C.    Rukun Mudharabah

Para ulama berbeda pendapat tentang rukun  mudharabah. Ulama Hanafiyah berpendapat bahwa rukun mudharabah adalah ijab dan qabul, yakni lafadz yang menunjukan ijab dan qabul dengan menggunakan mudharabah, muqaridhah, muamalah, atau kata-kata yang searti dengannya.
            Jumhur ulama berpendapat bahwa rukun mudharabah ada tiga, yaitu dua orang yang melakukan akad (al-aqidani, modal ( ma’qud alaih), dan shighat (ijab dan qabul). Ulama Syaf’iyah lebih memerinci lagi menjadi enam rukun, yaitu :
1.      Pemilik modal ( shahibul maal )
2.      Pemilik usaha ( mudharib )
3.      Proyek / usaha
4.      Modal ( ras’ul maal )
5.      Ijab qabul ( sighat )
6.      Nisbah bagi hasil

D.    Syarat-syarat sah mudharabah

Berkaitan dengan aqidani (dua orang yang akan akad), modal, dan laba.
1.      Syarat Aqidani
Diisyaratkan bagi orang yang akan melakukan akad, yakni pemilik modal dan pengusaha adalah ahli dalam mewakilkan atau menjadi wakil, sebab mudharib mengusahakan harta pemilik modal, yakni menjadi wakil.
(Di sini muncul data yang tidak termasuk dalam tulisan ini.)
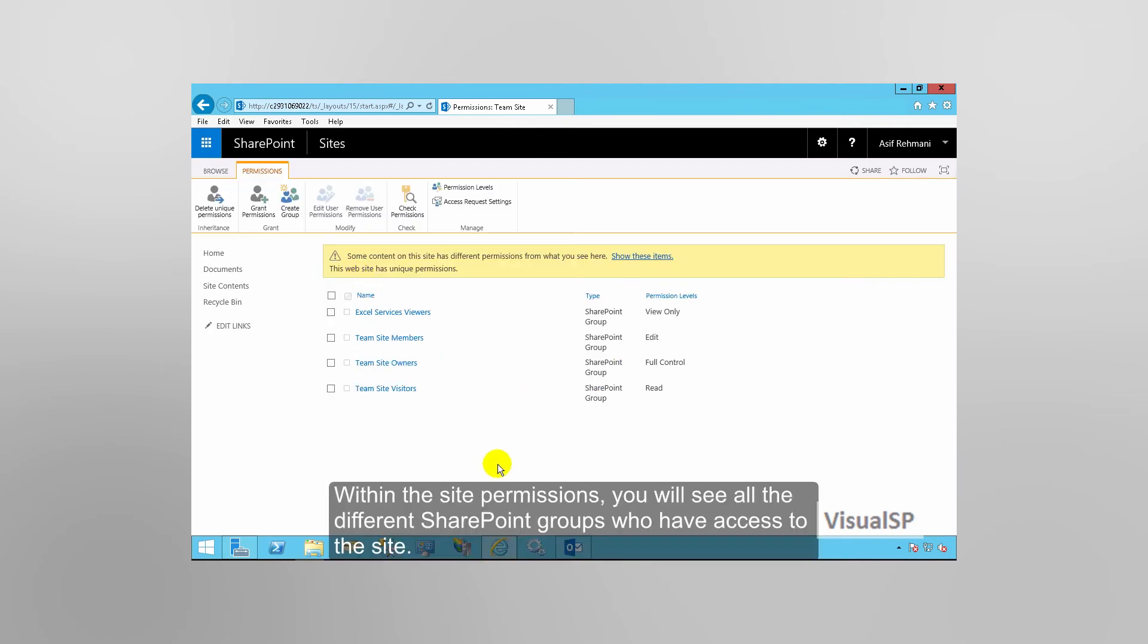Within the Site Permissions, you'll see all the different SharePoint groups who have access to the site.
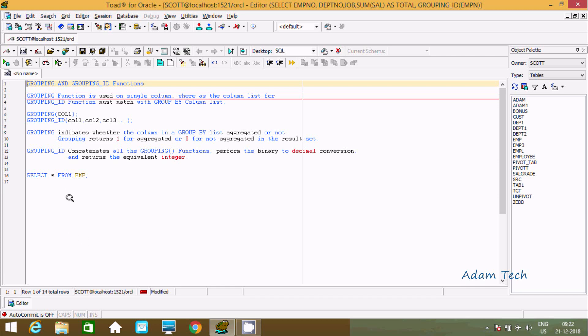Hi guys. In this video I am going to discuss about the GROUPING and GROUPING_ID functions in Oracle database.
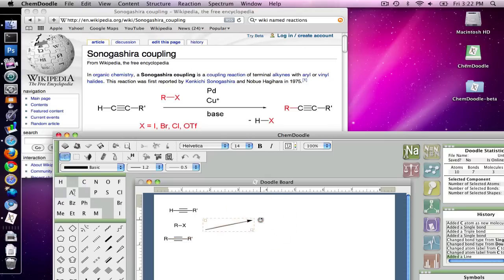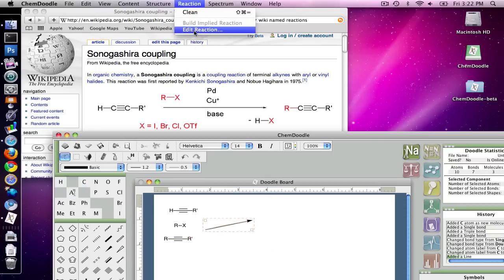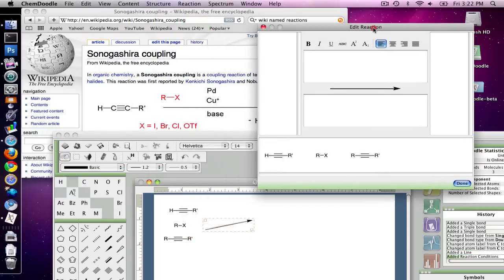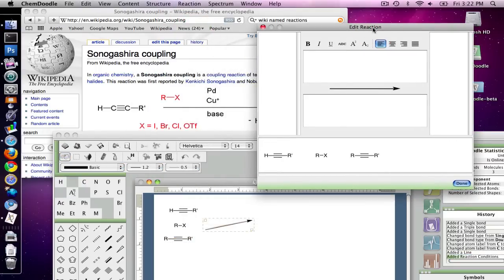So I'm just going to select the arrow, I'm going to go to reaction, edit reaction, and the edit reaction interface will pop up.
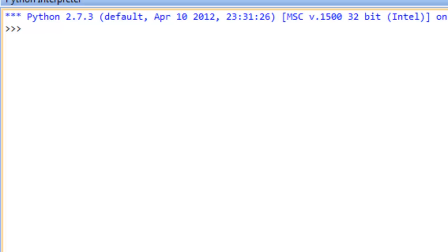In this video we're going to learn about the string data type. The string data type can be used to represent a sequence of characters. In Python there are really two different ways we can denote a string: one is to use a pair of single quotes and the other is to use a pair of double quotes.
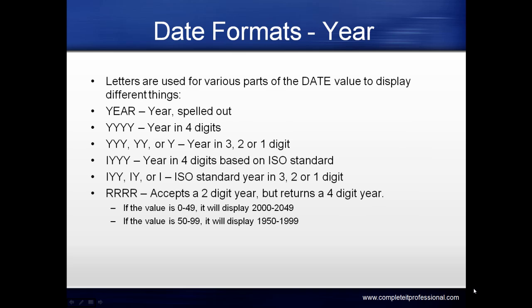Letters are used for various parts of the date value to display different things. For years: YEAR spells out the year in words. YYYY is the year in four digits. YYY, YY, or Y is the year in three, two, or one digit.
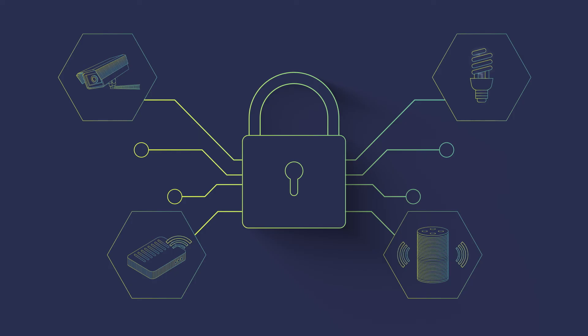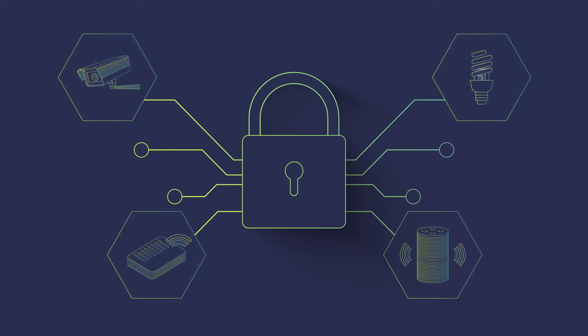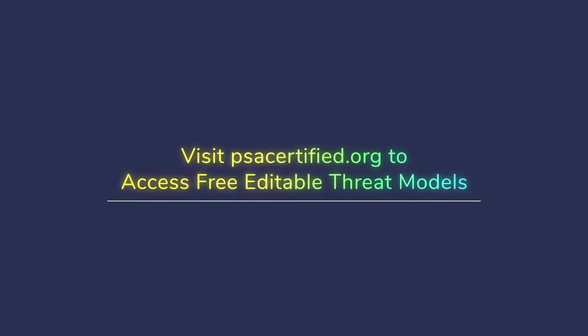If you're starting your journey with threat modeling, check out our free examples at PSACertified.org.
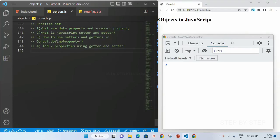In our previous few sessions, we have learnt what are objects, what are setters and getters in objects, and also how to use the object.defineProperty method. Now in this session, we are going to see some practice set questions so that you will have a clear understanding on object setters and getters. I have already written the answers and I am going to explain all four things.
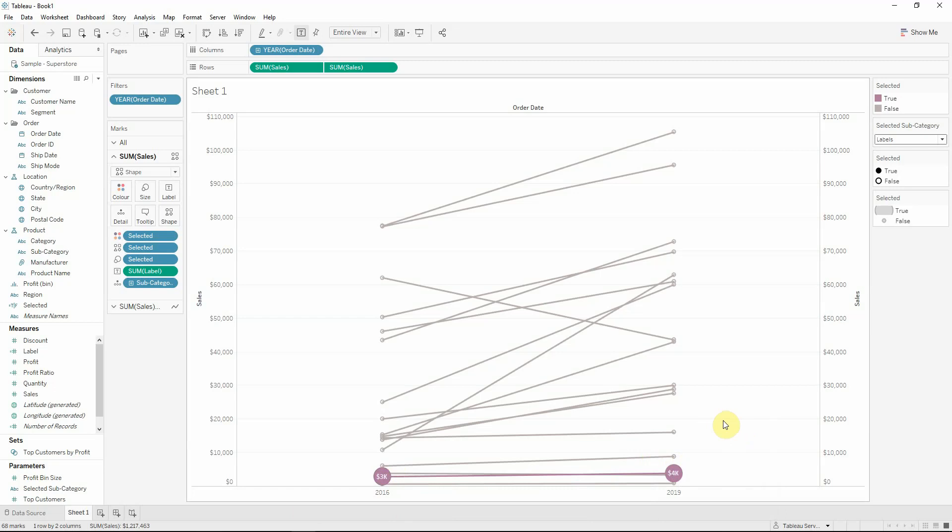So this is the way you are creating a slope chart in Tableau. Thank you for watching. And if you have any questions, please feel free to contact us.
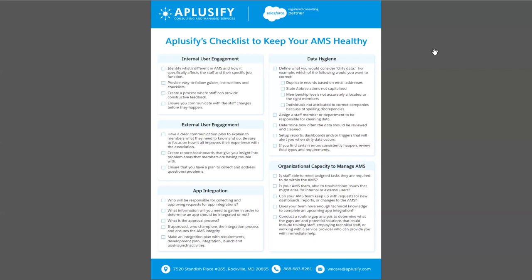In terms of Appsify, we are a consulting and managed services company who help associations and nonprofits keep their AMS working and running smoothly. We help them make checklists, guidelines, requirements documents, support their data management and data cleansing, and help them prepare their future roadmap for integrations. If you have any more questions, feel free to email us at wecare@appsify.com or call us at 888-683-281.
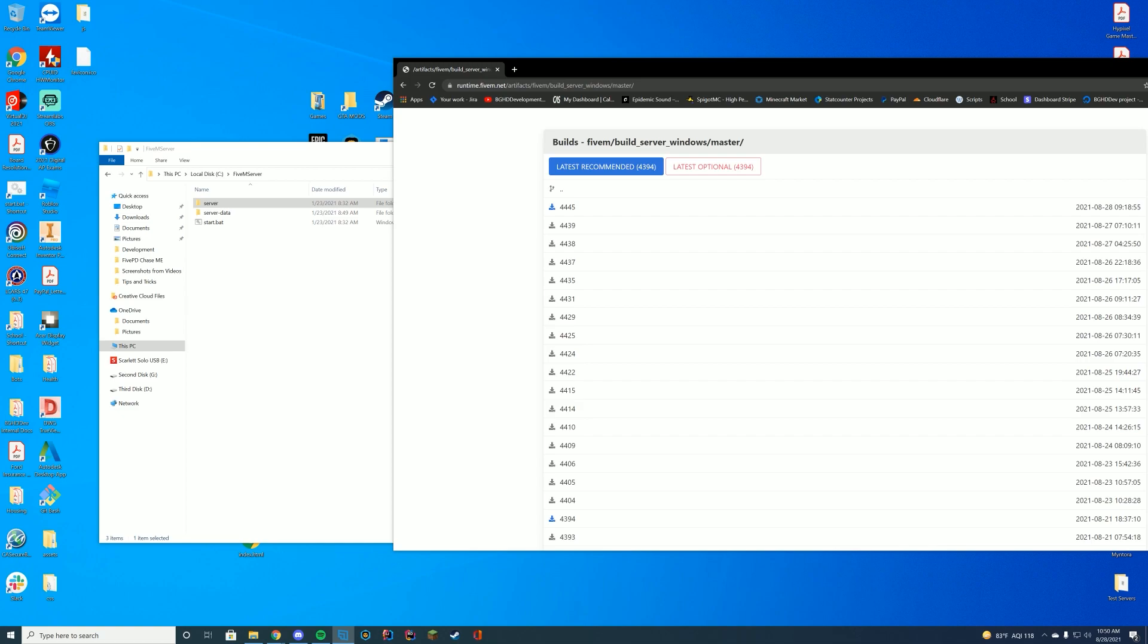Today we are going to update our 5M server. If you've never updated your 5M server, it's kind of relating to how you installed it in a way. It is really easy to do, so I just recommend following along. If you are on a Linux version, we won't be covering that in this video, but it's pretty much the exact same steps, but you would be using your console or something like that rather than Windows.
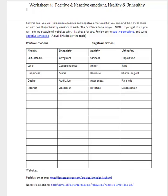Worksheet 4 is a particularly challenging worksheet. In this worksheet, you come up with some of your positive and negative emotions and then try to figure out whether that is a healthy or an unhealthy emotion.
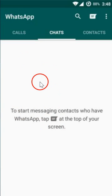If I go to my chats again, as you can see there is no chat available — it's all deleted. So guys, in this way you can delete all chats in a single click on your WhatsApp.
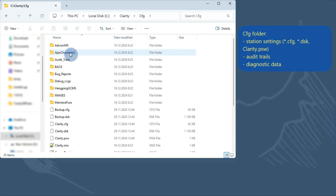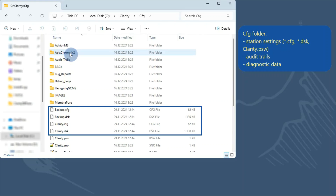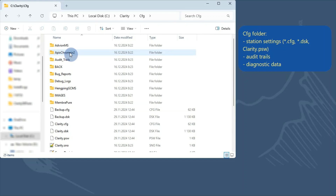In this folder, you find for example configuration files, that direct which devices you have on the instruments, and desktop files, that store user-specific settings. It also stores the audit trails and diagnostic data.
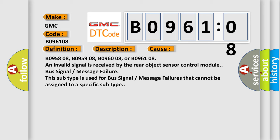B095808, B095908, B096008, or B096108. An invalid signal is received by the rear object sensor control module. Bus signal message failure. This subtype is used for bus signal message failures that cannot be assigned to a specific subtype.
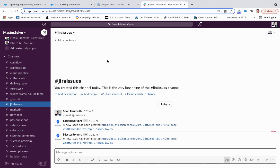it's now possible to easily, with clicks not code, automate that integration flow.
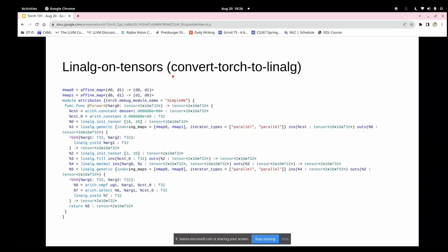Regarding adding new passes or supporting new formats in Torch MLIR — there are contribution opportunities. I'll take this offline and send a list of things useful for first-time contributors.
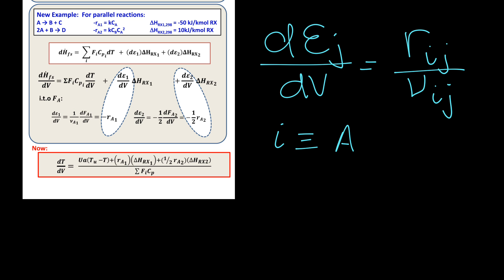For the second reaction, choosing component I as A once again, the stoichiometric number of A in reaction 2 is negative 2, which is where the factor of negative 2 comes from. The rate at which A participates in reaction 2 has the rate expression −K·CB·CA².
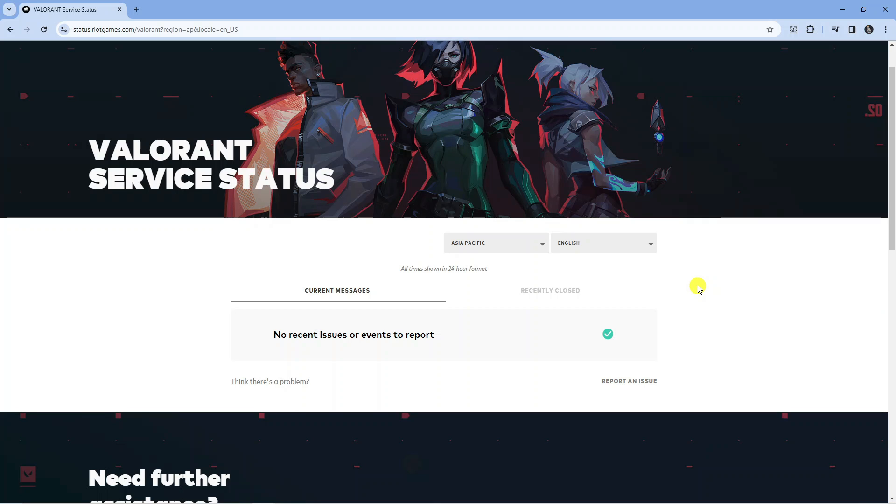At this point if there's no problems, I would also recommend checking with your internet service provider to make sure there's no problems with them. If they've got any work going on or there's any downtime with your ISP, this is something that's going to affect your ping in Valorant.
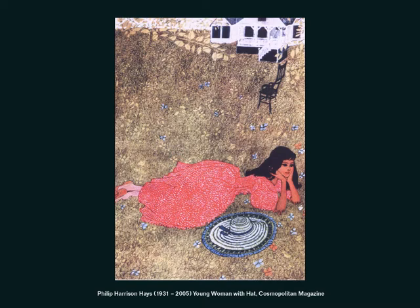Contrasting the low horizon line is this Philip Harrison Hayes piece of a young woman in the lawn. If you look at the top, the horizon line is way up there — it's in the top one-twelfth of the piece. There is definitely foreground, middle ground, and background going on, with very little overlapping, but we do get that sense of deep space going behind there. The high horizon line is what I wanted you to look at in this one.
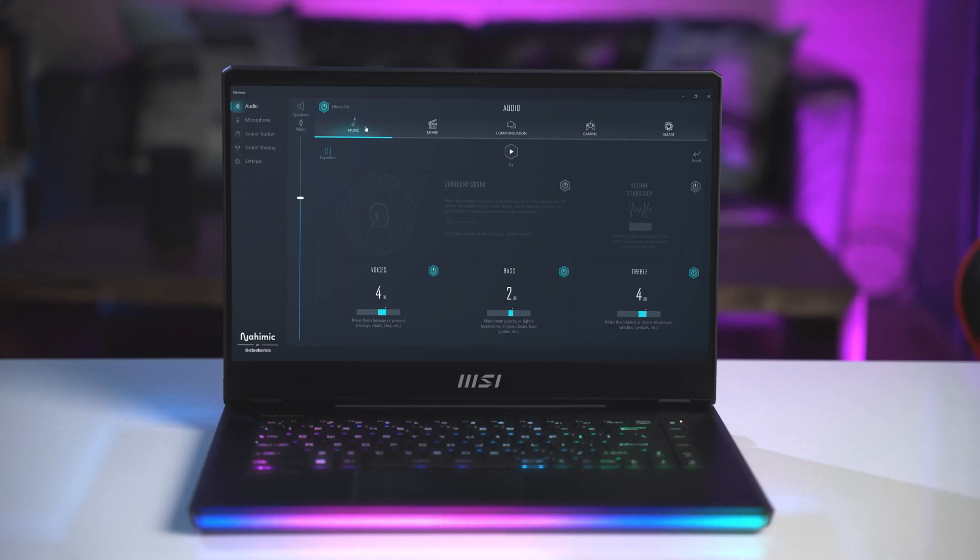That's pretty much everything you need to know. You're ready to make full use of the Nahimic software and experience the leading edge of audio engineering. Back to you, MSI.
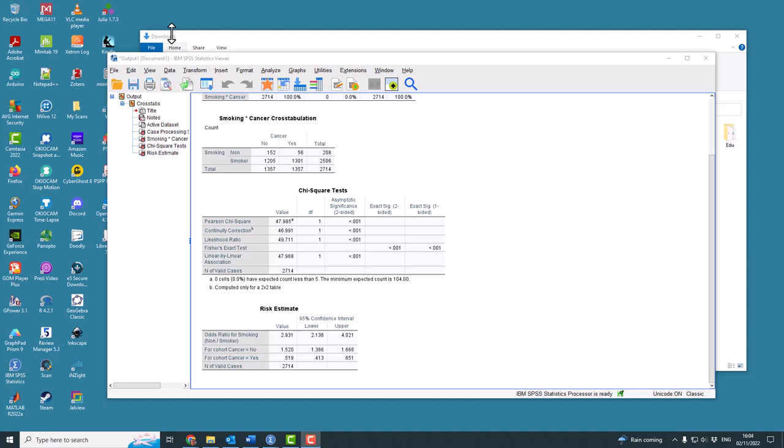When you have a 2x2 table with these two columns and two rows, you need to do a special form of the chi-squared test. This is because you only have one degree of freedom, but we won't go into the theoretical reasons as to why that's important.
Namun demikian, tidak disyaratkan harus muslim. Mudhrabah dibolehkan dengan orang kafir dzimmi atau orang kafir yang dilindungi dinegara Islam.

2.      Syarat Modal
a.       Modal harus berupa uang, seperti dinar, atau sejenisnya, yakni segala sesuatu yang memungkinkan dalam perkongsian (Asy-syirkah).
b.      Modal harus diketahui dengan jelas dan memiliki ukuran.
c.       Modal harus ada, bukan berupa utang, tetapi tidak berarti harus ada ditempat akad. Juga dibolehkan mengusahan harta yang dititipkan kepada orang lain, seperti mengatakan , “Ambil harta saya di di fulan kemudian jadikan modal usahakan!”
d.      Modal harus diberikan kepada pengusaha. Hal itu  dimaksudkan agar pengusaha dapat mengusahakannya, yakni menggunakan harta tersebut sebagai amanah.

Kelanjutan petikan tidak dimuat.